(EXERCISE OBJECTIVE): The whole listing that follows is to be restated word for word, images excluded.

(DATASET SECTION):
######
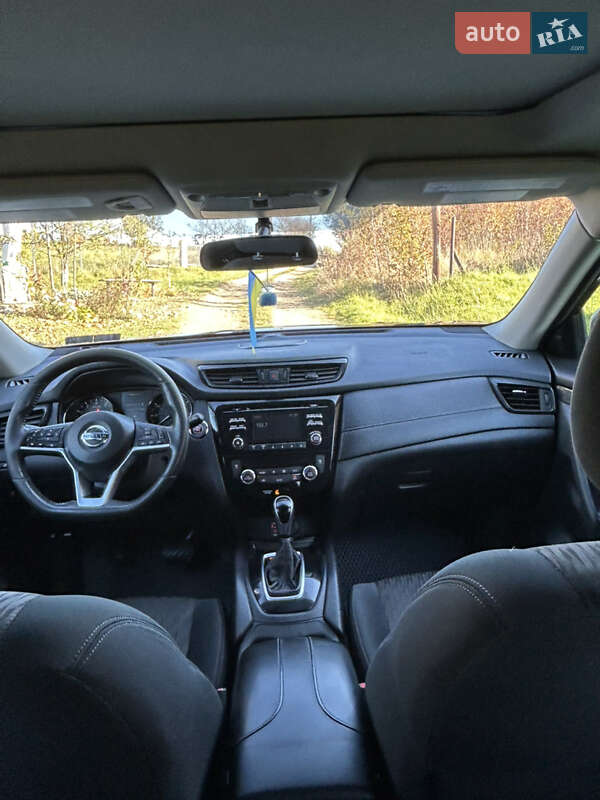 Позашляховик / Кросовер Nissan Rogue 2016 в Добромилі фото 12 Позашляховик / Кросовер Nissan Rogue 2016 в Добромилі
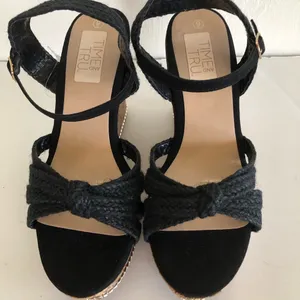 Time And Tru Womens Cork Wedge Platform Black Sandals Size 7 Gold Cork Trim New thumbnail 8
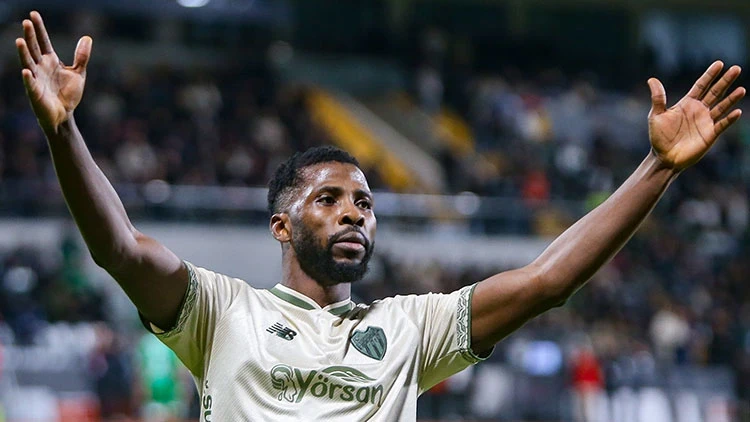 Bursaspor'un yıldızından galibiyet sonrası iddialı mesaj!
######
(SOLUTION BELOW):
 Позашляховик / Кросовер Nissan Rogue 2016 в Добромилі фото 12 Позашляховик / Кросовер Nissan Rogue 2016 в Добромилі
 Time And Tru Womens Cork Wedge Platform Black Sandals Size 7 Gold Cork Trim New thumbnail 8
 Bursaspor'un yıldızından galibiyet sonrası iddialı mesaj!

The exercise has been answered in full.